Unearthed: Heath Robinson's cure for noise pollution
With antiquated headphones clamped to their ears, the partygoers dance round the wheel that powers their wireless set. On their prancing feet they wear sponges instead of shoes, while the floor of the room is padded to stop them disturbing the neighbours.
The comical scene of silent yet lively revelry can only have come from the mind of William Heath Robinson, the celebrated illustrator whose bizarre contraptions earned him a place in the English dictionary.
It is one of dozens of drawings by the "Gadget King" displayed for the first time ever in a touring retrospective of his work opening at the Dulwich Picture Gallery, London.
Almost 60 years after his death, Heath Robinson's name remains synonymous with wacky cartoon images of bespectacled men using everything from steam kettles to unwieldy pulleys to run nonsensical machines.
Of these drawings, none is more typical than the newly discovered pastiche of a picture by the caricaturist George Cruickshank, where Robinson has a man struggling to sleep as his upstairs neighbours party. Entitled How to Take Advantage of the Savoy Orpheans Dance Music Broadcast by the BBC Without Disturbing Your Neighbour in the Flat Below, the picture shows revellers going to extraordinary lengths to allow sleep.
Yet Heath Robinson's talents were far more varied than this. For decades he was ranked alongside Arthur Rackham and Aubrey Beardsley among Britain's foremost literary illustrators.
Showing this side, the new exhibition has a selection of more than 20 recently unearthed illustrations from a Complete Works of Shakespeare commissioned by the publisher Jonathan Cape more than 70 years ago but never printed. Among the highlights are gruesome images illustrating the Bard's history plays, including one of a slain Richard III and another of devilish assassins fleeing after murdering the princes in the tower.
The collection also features exuberant comic images of more light-hearted characters, such as Falstaff.
The Shakespeare pictures are on loan only for the exhibition.
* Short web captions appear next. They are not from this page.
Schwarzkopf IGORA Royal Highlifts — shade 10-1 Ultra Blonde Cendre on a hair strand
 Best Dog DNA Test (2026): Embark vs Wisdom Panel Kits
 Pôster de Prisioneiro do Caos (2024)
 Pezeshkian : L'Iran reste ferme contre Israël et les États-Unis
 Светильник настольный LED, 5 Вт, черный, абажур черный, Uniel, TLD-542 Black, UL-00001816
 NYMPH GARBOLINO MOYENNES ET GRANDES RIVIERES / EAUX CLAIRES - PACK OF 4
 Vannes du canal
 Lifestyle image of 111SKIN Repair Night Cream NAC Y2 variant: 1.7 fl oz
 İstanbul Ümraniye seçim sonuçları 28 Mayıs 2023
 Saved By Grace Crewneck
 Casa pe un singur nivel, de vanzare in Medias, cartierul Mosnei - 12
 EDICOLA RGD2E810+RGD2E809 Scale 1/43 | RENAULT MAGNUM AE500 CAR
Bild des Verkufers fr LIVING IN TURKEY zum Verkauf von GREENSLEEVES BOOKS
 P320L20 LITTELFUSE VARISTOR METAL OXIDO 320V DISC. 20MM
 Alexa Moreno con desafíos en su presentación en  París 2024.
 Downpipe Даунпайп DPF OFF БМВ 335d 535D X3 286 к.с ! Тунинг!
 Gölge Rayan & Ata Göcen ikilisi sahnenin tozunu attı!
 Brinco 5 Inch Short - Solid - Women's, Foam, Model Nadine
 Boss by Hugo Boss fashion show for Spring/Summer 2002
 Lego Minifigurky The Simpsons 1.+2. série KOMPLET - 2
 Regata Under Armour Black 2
The bulk of the work is owned by the William Heath Robinson Trust, which hopes to raise £3.5m to create an archive dedicated to the "Gadget King" in Pinner, Middlesex, where Heath Robinson lived during one of his most prolific periods, the years after the First World War.
Geoffrey Beare, spokesman for the trust, said he hoped the exhibition would help the fund-raising effort by increasing awareness of the range of the artist's talents. "Heath Robinson is known for his wackier illustrations and contraptions, but he was actually one of Britain's most accomplished illustrators of children's books and literary classics. This exhibition aims to show that he produced much more serious images - his scenes from Shakespeare's history plays are quite violent."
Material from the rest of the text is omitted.